Required work:
Everything from the line holding "Givenchy Kids' Logo" to the last line of the material below must be retyped exactly, minus any pictures.

Data segment:
......
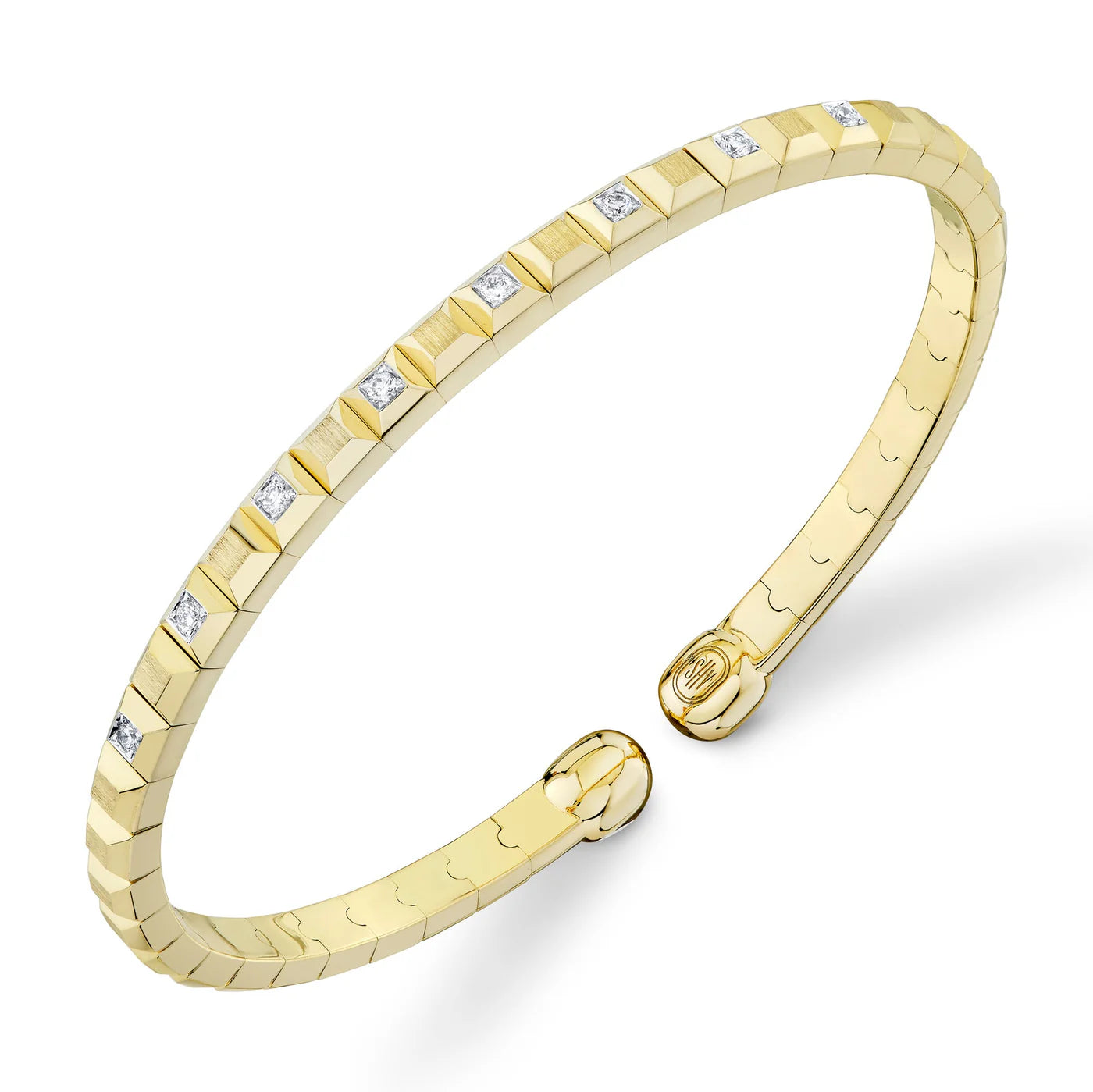 0.21CT DIAMOND GEO CUT MATTE MEN'S CUFF BRACELET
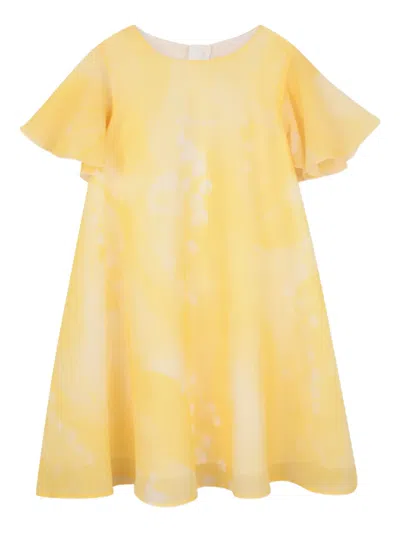 Givenchy Kids' Logo Zip-fastening Dress In Yellow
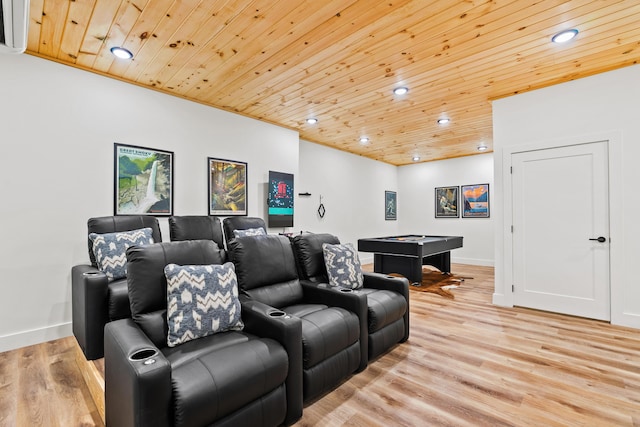 home theater with wooden ceiling and light hardwood / wood-style floors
......
Your solution:
 Givenchy Kids' Logo Zip-fastening Dress In Yellow
 home theater with wooden ceiling and light hardwood / wood-style floors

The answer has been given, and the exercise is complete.